Given our intuition, we can now formally define the $\sigma$-Algebra.

A **σ-algebra** $\mathcal{F}$ on a sample space $\Omega$ is a collection of subsets of $\Omega$ (called **events**) that satisfies the following properties:
1. $\Omega \in \mathcal{F}$ (the full space is resolved).
2. If $A \in \mathcal{F}$, then $A^c \in \mathcal{F}$ (closure under complements).
3. If $A_1, A_2, \dots \in \mathcal{F}$, then $\bigcup_{n=1}^\infty A_n \in \mathcal{F}$ (closure under countable unions).

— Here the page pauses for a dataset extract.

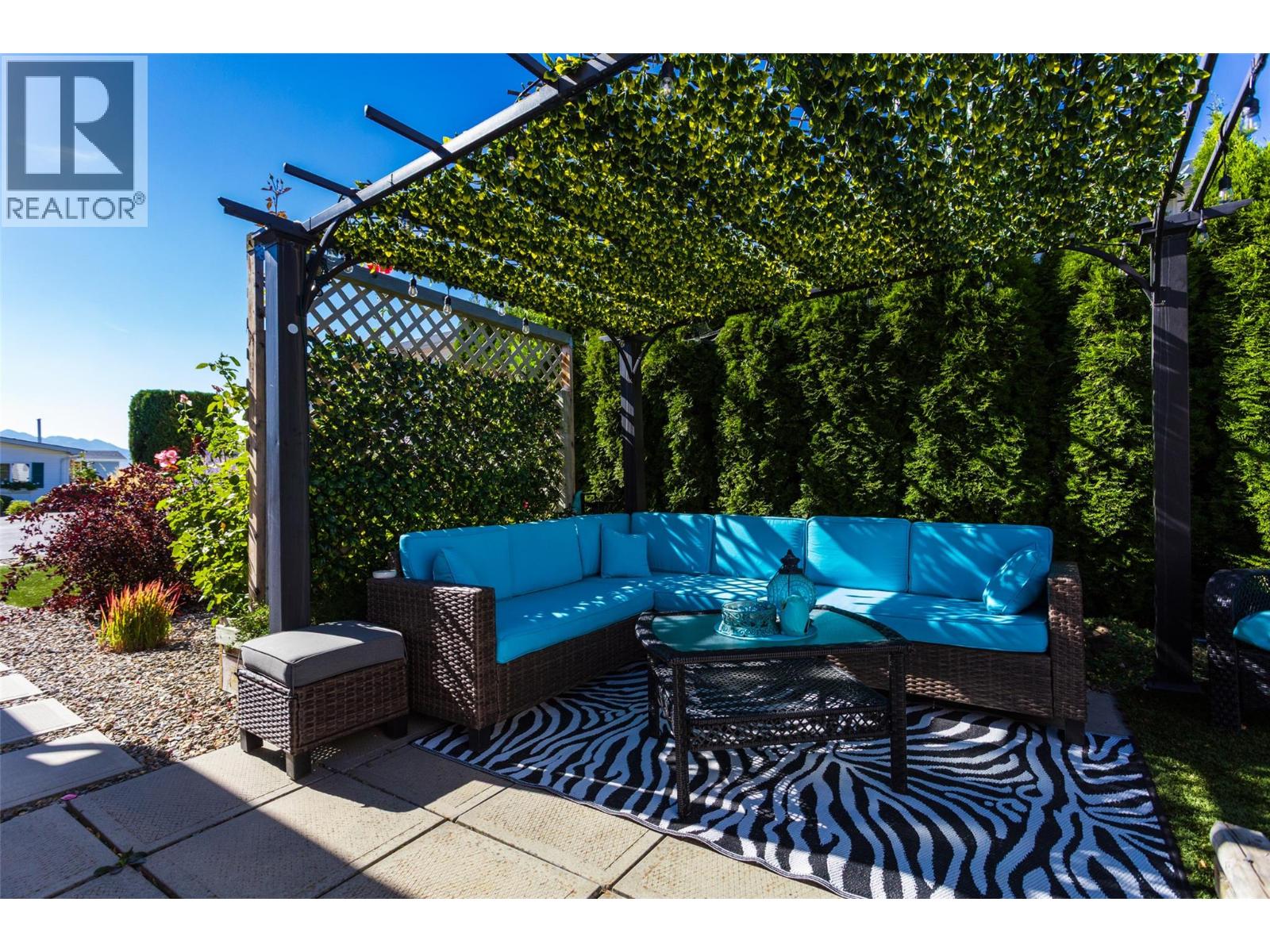 Picture for Unit #23, 1850 Shannon Lake  Road https://www.cirrealty.ca/reb/bc/8/10364088_7.jpg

These properties ensure that a σ-algebra represents a mathematically consistent collection of events where probabilities can be assigned to. 

---

## **Information and σ-Algebras**

The sets in a σ-algebra represent the events resolved by the available information. For example:
- Let $\Omega$ be the sample space of outcomes of three coin tosses: 
  $$
  \Omega = \{\text{HHH}, \text{HHT}, \text{HTH}, \text{HTT}, \text{THH}, \text{THT}, \text{TTH}, \text{TTT}\}.
  $$

1. **No information**:
   At the start, we know nothing about the outcomes. The **trivial σ-algebra** is:
   $$
   \mathcal{F}_0 = \{\emptyset, \Omega\}.
   $$

2. **First coin toss revealed**:
   If we are told the result of the first toss, we can have a more precise information set, and the σ-algebra becomes:
   $$
   \mathcal{F}_1 = \{\emptyset, \Omega, A_H, A_T\},
   $$
   where $A_H = \{\text{HHH, HHT, HTH, HTT}\}$ and $A_T = \{\text{THH, THT, TTH, TTT}\}$.

3. **First two coin tosses revealed**:
   Knowing the first two tosses refines the σ-algebra:
   $$
   \mathcal{F}_2 = \{\emptyset, \Omega, A_{HH}, A_{HT}, A_{TH}, A_{TT}, \dots\},
   $$
   where $A_{HH} = \{\text{HHH, HHT}\}$, $A_{HT} = \{\text{HTH, HTT}\}$, etc.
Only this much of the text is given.